Identity: The last interesting bit about the diversity of  East Africa has to do with identity. Because they phenotypically look different than other Africans, sound different and may practice different religions than the rest of the continent, East Africans and North Africans are often the subject of debates around the African identity. This is amongst themselves, in relation to other Africans and the rest of the world as well. It’s a combination of colorism, racism and other  “isms” out there and they are all compounded by the lasting impact of white imperialism on us all.

In relation to other Africans,  the rest of us sometimes feel the Africans with Euro-Asiatic features think they are “better” than the rest of us and sometimes they “act” like they are. This is one of those points compounded by white imperialism where all people of color across the world, suffer from colorism and a negative mentality towards folks with darker skin and non European features. In addition, while in Ethiopia, I conversed a lot with different people about how they treated each other differently based on this mentality as well, and there is rampant racism towards black Africans in North Africa.
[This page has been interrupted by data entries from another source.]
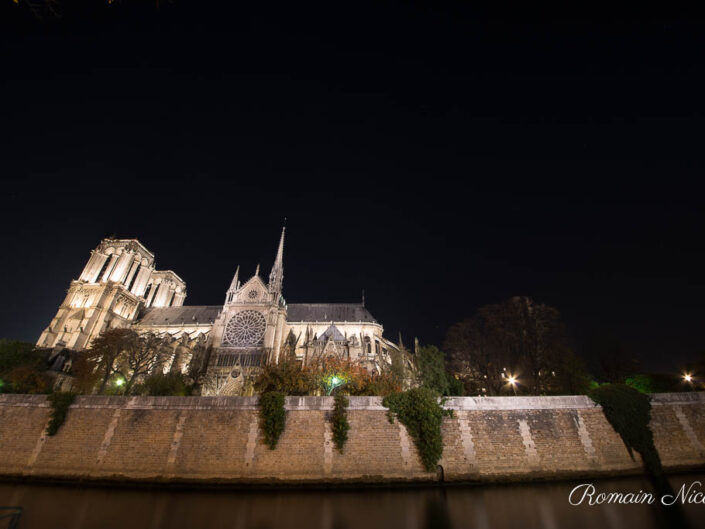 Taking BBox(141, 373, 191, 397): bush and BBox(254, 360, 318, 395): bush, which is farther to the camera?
BBox(141, 373, 191, 397): bush

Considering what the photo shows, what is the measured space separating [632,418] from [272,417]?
737 inches

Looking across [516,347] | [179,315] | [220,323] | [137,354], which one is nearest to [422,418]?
[516,347]

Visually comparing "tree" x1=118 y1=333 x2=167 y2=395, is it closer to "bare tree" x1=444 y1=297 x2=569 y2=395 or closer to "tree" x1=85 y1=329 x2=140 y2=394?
"tree" x1=85 y1=329 x2=140 y2=394

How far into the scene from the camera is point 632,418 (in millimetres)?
15508

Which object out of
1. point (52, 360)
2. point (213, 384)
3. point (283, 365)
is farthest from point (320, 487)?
point (52, 360)

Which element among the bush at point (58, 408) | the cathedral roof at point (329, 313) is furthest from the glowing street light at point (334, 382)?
the cathedral roof at point (329, 313)

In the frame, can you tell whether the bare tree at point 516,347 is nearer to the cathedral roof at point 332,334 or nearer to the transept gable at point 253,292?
the cathedral roof at point 332,334

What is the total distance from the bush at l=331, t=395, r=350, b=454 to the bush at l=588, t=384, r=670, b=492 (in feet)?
44.8

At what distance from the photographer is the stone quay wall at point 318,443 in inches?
555

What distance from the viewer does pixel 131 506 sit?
11.4 meters

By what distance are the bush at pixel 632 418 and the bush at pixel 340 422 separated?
44.8 feet

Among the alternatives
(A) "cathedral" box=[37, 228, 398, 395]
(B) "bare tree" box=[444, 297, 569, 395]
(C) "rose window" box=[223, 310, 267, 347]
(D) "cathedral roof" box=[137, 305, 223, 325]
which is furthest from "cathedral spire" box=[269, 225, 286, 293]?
(B) "bare tree" box=[444, 297, 569, 395]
In relation to the rest of the world well, a lot of people always talk of Ethiopian women as the most beautiful African women. They definitely are, but that sentiment has undertones of racism and colorism as they are often referring to how they are black but with Eurocentric/ Euro Asiatic features.The identity struggle also comes with religion. And to that point I will let you read this article that I found very enlightening about the Afro Arab identity.

The author starts with these powerful lines..

“I consider myself very much Arab, very much African, and black. My language is Arabic, and my culture is predominantly Arab, I think. But my African blood is in there, too. Very much so. Maybe I’m not as African as a particular Zimbabwean beauty, and I’m not as Arab as a certain Yemeni soul. Maybe I am very much Afro-Arab. But I think all ethnic, cultural, and racial experiences are equally valuable. Despite the good vibes I constantly send to my identities—my various me’s—others are not always so gracious or understanding.”